**Task brief**: Word for word, output the data, with none of its pictures.

**Records for the task**:
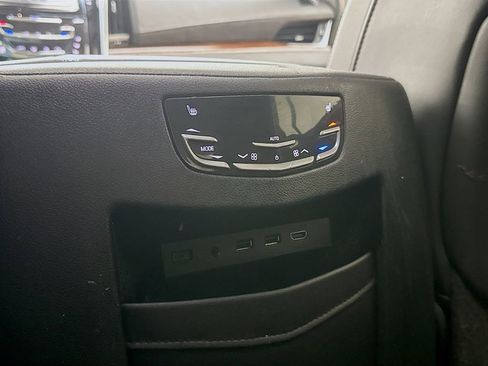 Used 2017 Cadillac Escalade Luxury AWD/4WD image 34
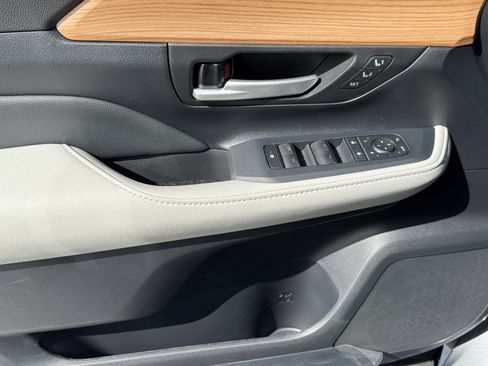 New 2026 Toyota Grand Highlander Limited AWD/4WD image 18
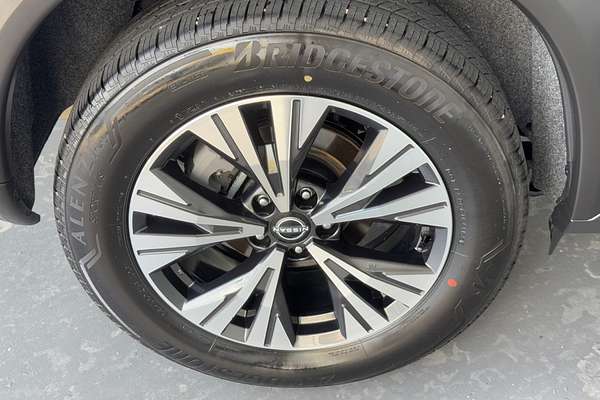 2023 Nissan X-TRAIL ST-L T33
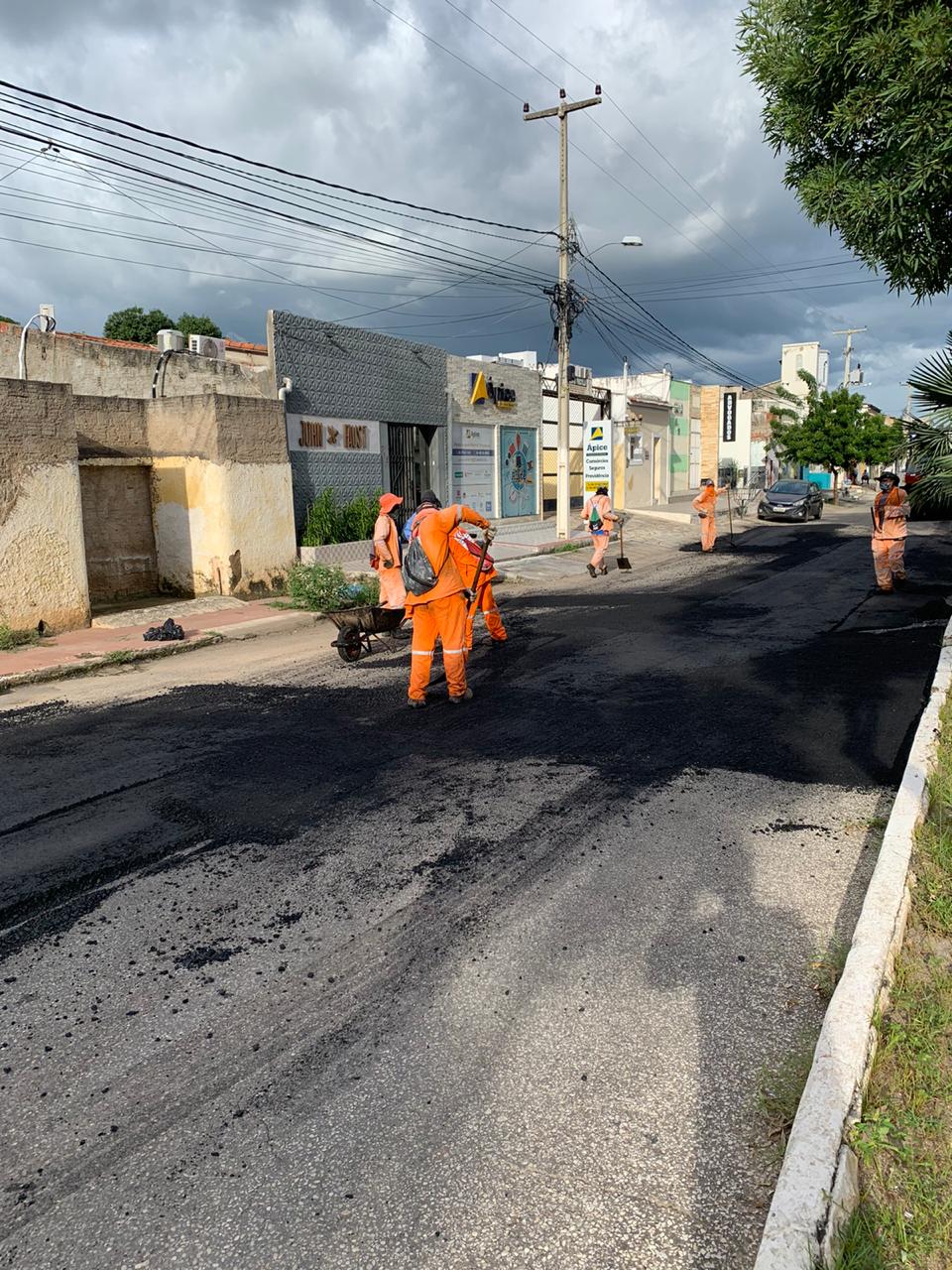 Avenida João da Escóssia recebe recuperação asfáltica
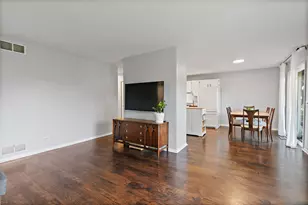 2352 South St, Elgin, IL 60123 - Photo 5
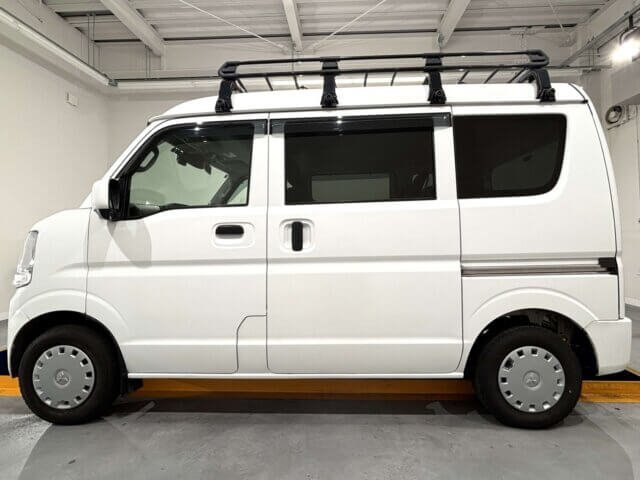 2020 MITSUBISHI MINICAB VAN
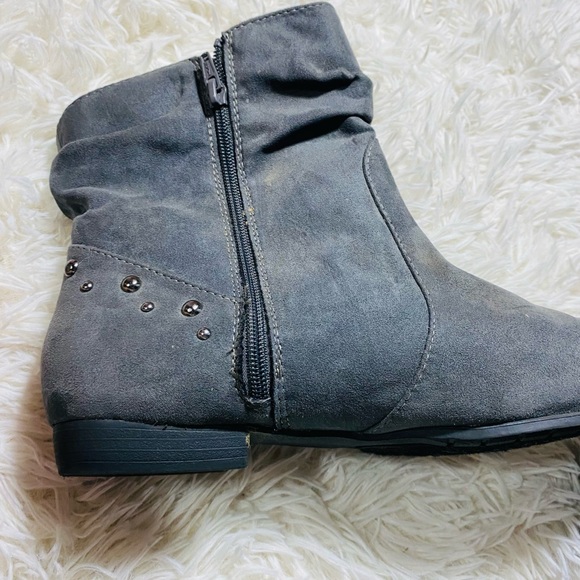 GRAY STUDDED ANKLE BOOTS BOOTIES Zipper KOHLS Size 10 Medium EUC - Picture 6 of 7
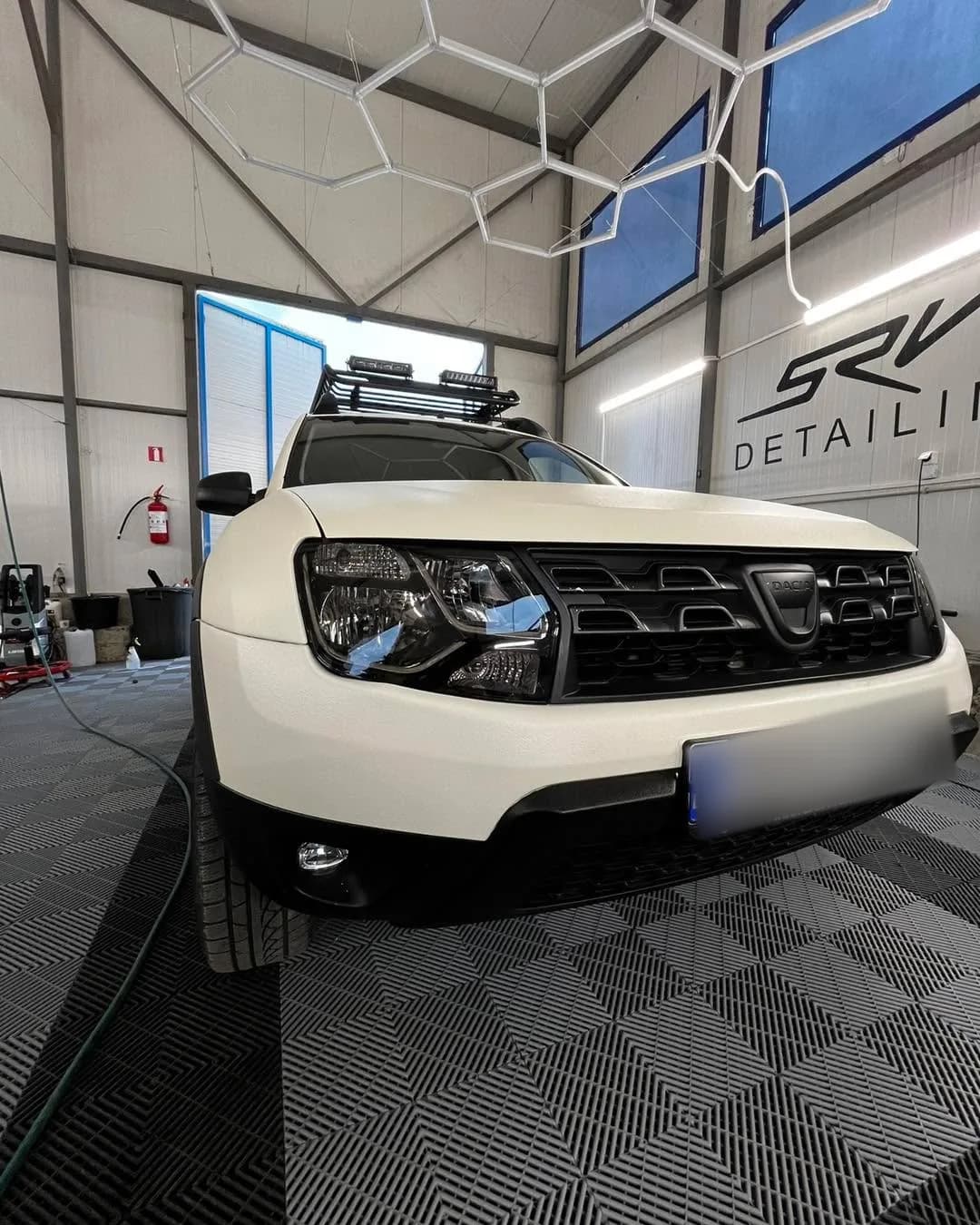 Кадър на Тониране на фарове и стъкла от реален проект на SRV Detailing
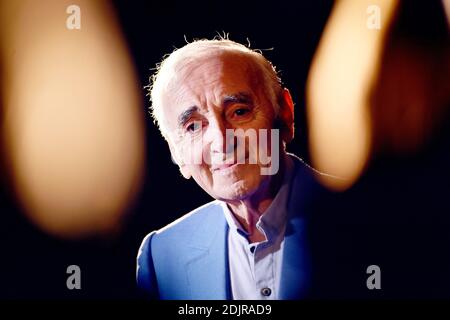 Icône musicale légendaire Charles Aznavour récipiendaire d'une étoile de la Marche de la renommée hollywoodienne honorifique, reconnaissant ses contributions aux arts et à la communauté arménienne. Pantages hollywoodiens à Los Angeles, Californie, le 27 octobre 2016. Photo de Lionel Hahn/AbacaUsa.com Banque D'Images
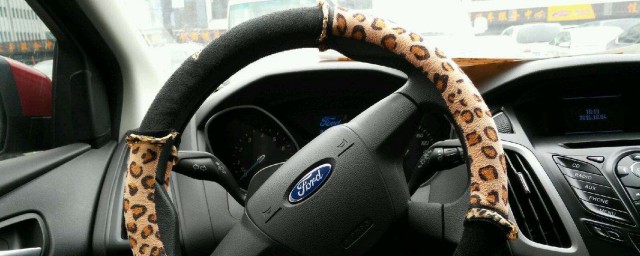 怎么解除锁死方向盘？(方向盘锁如何解除)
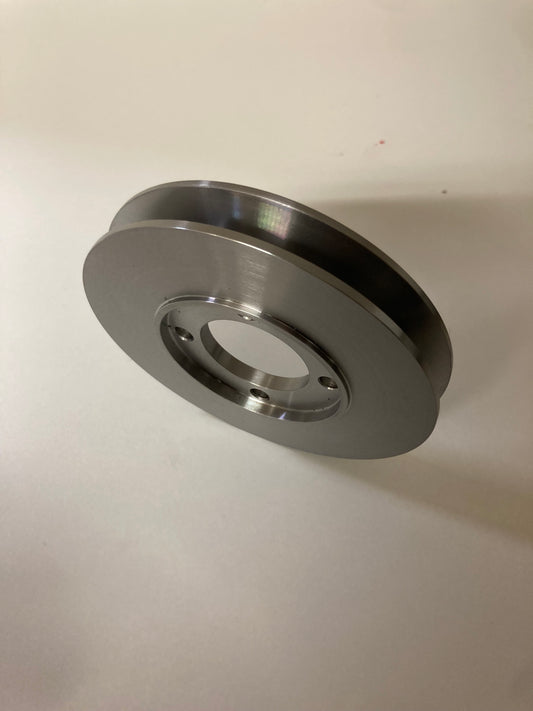 Remskiva fast till nya 4-taktsmotorn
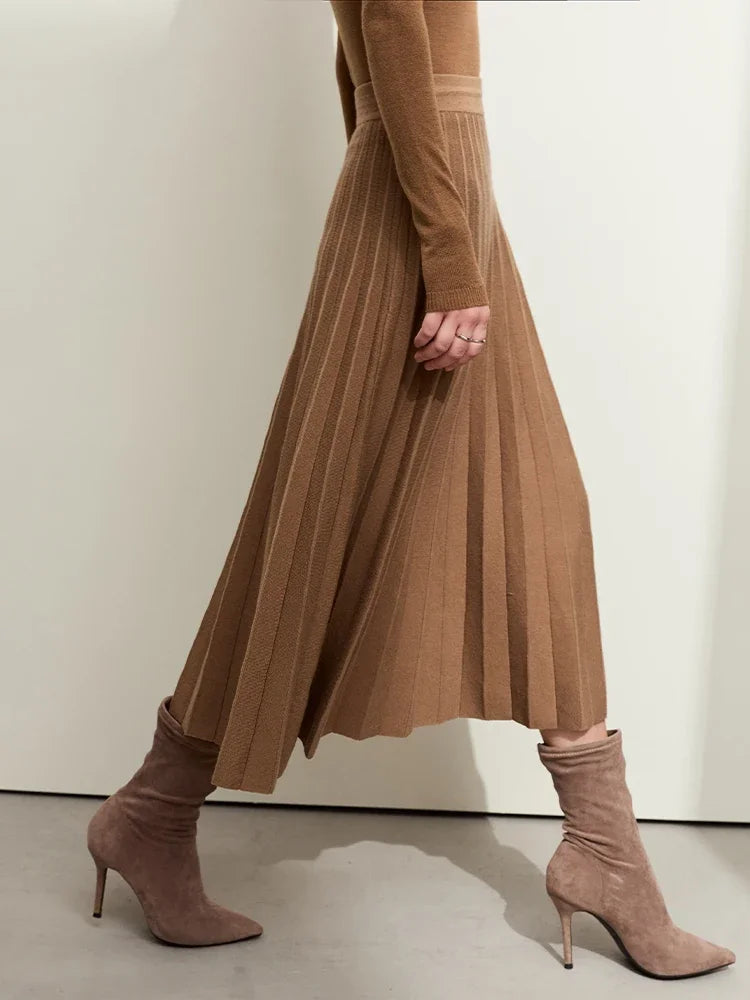 Julliete | Minimalistischer einfarbiger Plissee-Rock
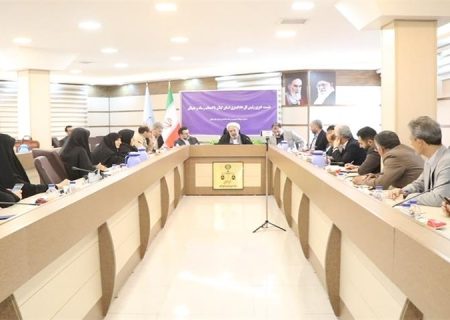 اصحاب رسانه چشمان تیزبین و نافذ جامعه است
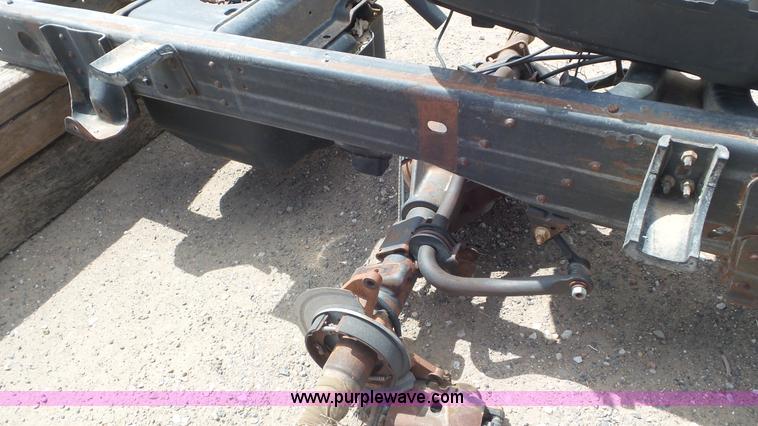 image for item L2182 2006 Chevrolet Silverado 3500 pickup truck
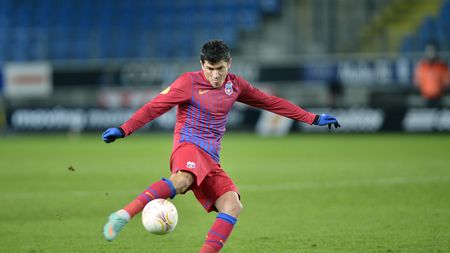 INCREDIBIL! De asta i se spune RegheMeister!** Imagini RARE: ce l-a pus Reghecampf să facă pe "Rocky" Tănase în dimineața meciului! FOTO EXCLUSIV 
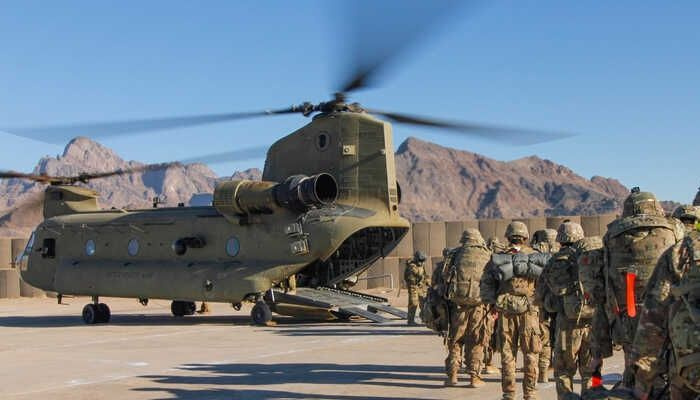 USA lägger av kriget i Afghanistan för att fokusera på det ekonomiska kraftpaketet Kina, Ryssland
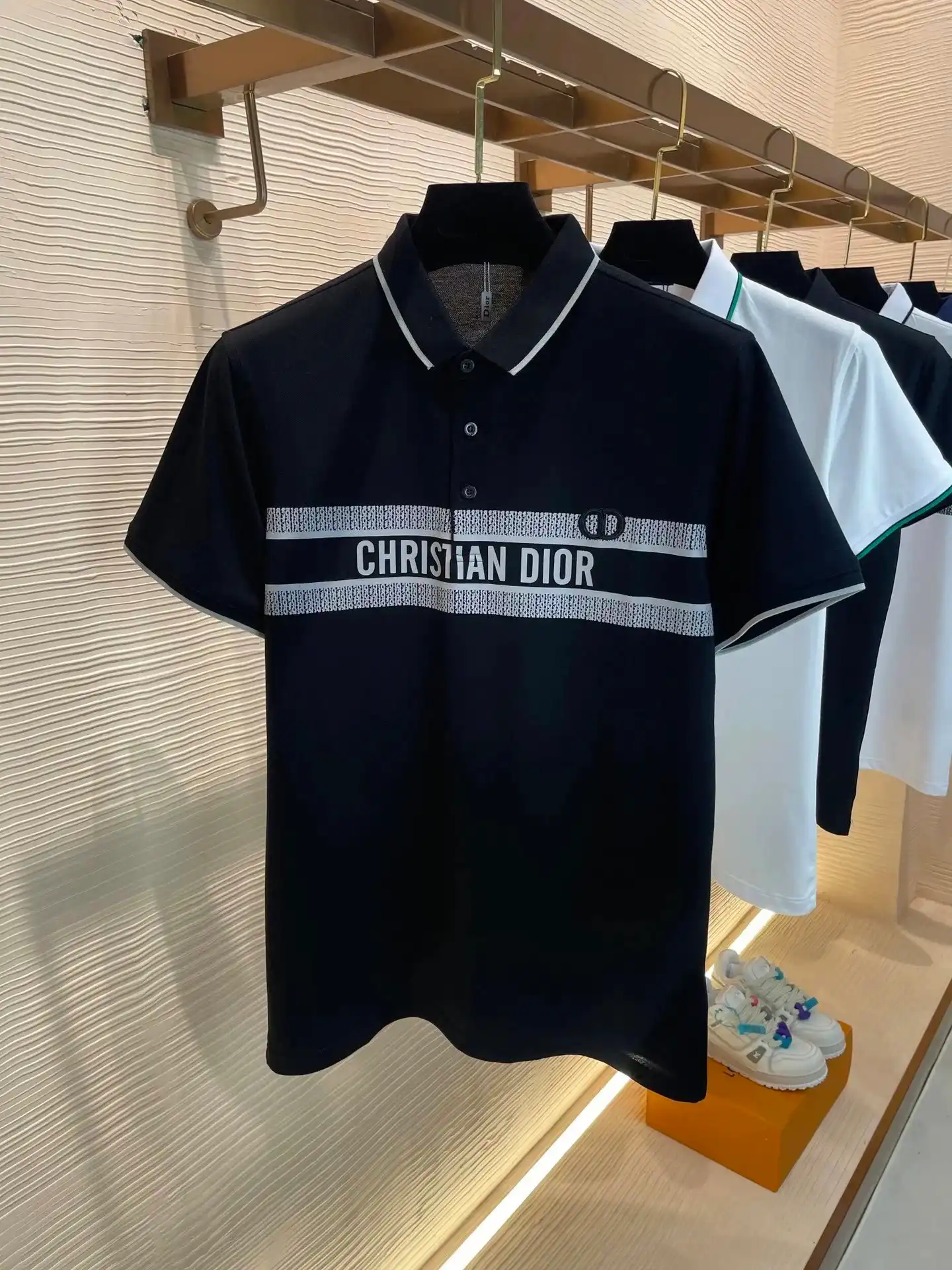 Dior Men's Polo Shirt and Tote Bag Set - Luxury Fashion Essentials — foto 6 de 6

**Task response**:
 Used 2017 Cadillac Escalade Luxury AWD/4WD image 34
 New 2026 Toyota Grand Highlander Limited AWD/4WD image 18
 2023 Nissan X-TRAIL ST-L T33
 Avenida João da Escóssia recebe recuperação asfáltica
 2352 South St, Elgin, IL 60123 - Photo 5
 2020 MITSUBISHI MINICAB VAN
 GRAY STUDDED ANKLE BOOTS BOOTIES Zipper KOHLS Size 10 Medium EUC - Picture 6 of 7
 Кадър на Тониране на фарове и стъкла от реален проект на SRV Detailing
 Icône musicale légendaire Charles Aznavour récipiendaire d'une étoile de la Marche de la renommée hollywoodienne honorifique, reconnaissant ses contributions aux arts et à la communauté arménienne. Pantages hollywoodiens à Los Angeles, Californie, le 27 octobre 2016. Photo de Lionel Hahn/AbacaUsa.com Banque D'Images
 怎么解除锁死方向盘？(方向盘锁如何解除)
 Remskiva fast till nya 4-taktsmotorn
 Julliete | Minimalistischer einfarbiger Plissee-Rock
 اصحاب رسانه چشمان تیزبین و نافذ جامعه است
 image for item L2182 2006 Chevrolet Silverado 3500 pickup truck
 INCREDIBIL! De asta i se spune RegheMeister!** Imagini RARE: ce l-a pus Reghecampf să facă pe "Rocky" Tănase în dimineața meciului! FOTO EXCLUSIV 
 USA lägger av kriget i Afghanistan för att fokusera på det ekonomiska kraftpaketet Kina, Ryssland
 Dior Men's Polo Shirt and Tote Bag Set - Luxury Fashion Essentials — foto 6 de 6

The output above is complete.